Abstract. Landslides hinder sustainable development in mountain regions, threatening livelihoods and impacting linear and water infrastructure. Susceptibility maps are a common tool for estimating and managing landslide hazards, exposure, and risks. Yet, susceptibility maps omit hillslope connectivity, a critical shortcoming for mapping the magnitude of landslide hazards, including cascading hazards from slope failure and downslope runout. Herein we propose the COHESION (COnnected HillslopE SusceptibIlity for slOpefailure and ruNout) approach to couple susceptibility mapping with an assessment of hillslope connectivity to identify downslope-connected landslide objects (LSOs) and associated runout pathways.
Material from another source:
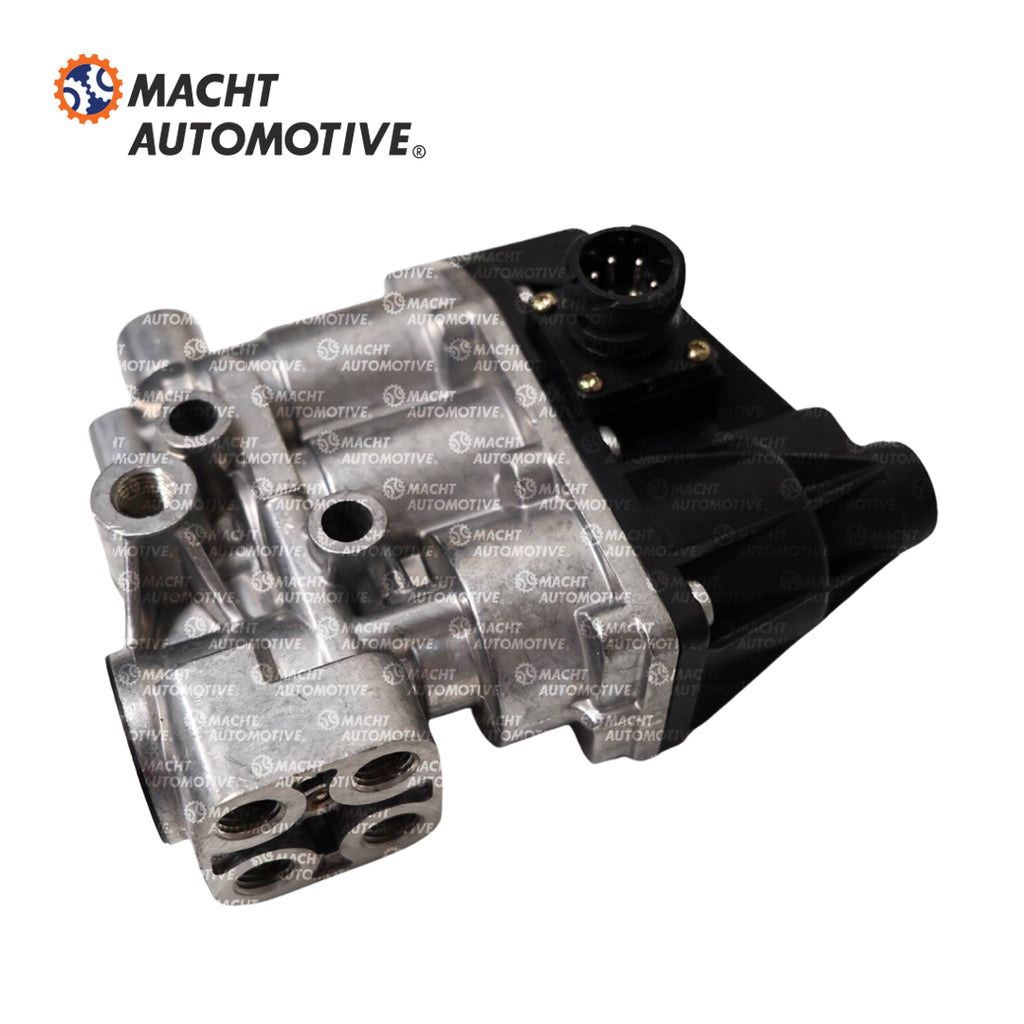 Válvula Solenoide de Retardador Scania Bus Serie K/F MA-1442278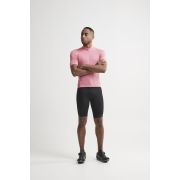 Craft Essence Bib Shorts – Pantaloni scurți de ciclism cu bretele - Negru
As we demonstrate for the Kaligandaki basin in Nepal, analyzing LSOs enables estimating the magnitude of slope failures in terms of mobilized sediment volume and to quantify additional impacts from landslide runout. After calibration using a remotely sensed landslide inventory, we find that 16 % of the basin’s slopes are susceptible to failure, while an additional 9 % of the basin area is impacted by runout. Around 33 % of buildings and 65 % of roads in the basin are on susceptible slopes, while more than 27 % of buildings and 69 % of roads are in landslide runout pathways. Omitting runout from landslide assessments would thus result in a major underestimation of risk. Our results emphasize the importance of connectivity for slope stability modeling on landscape scales, leading to improved assessments of slope hazards and management of river basin sediments.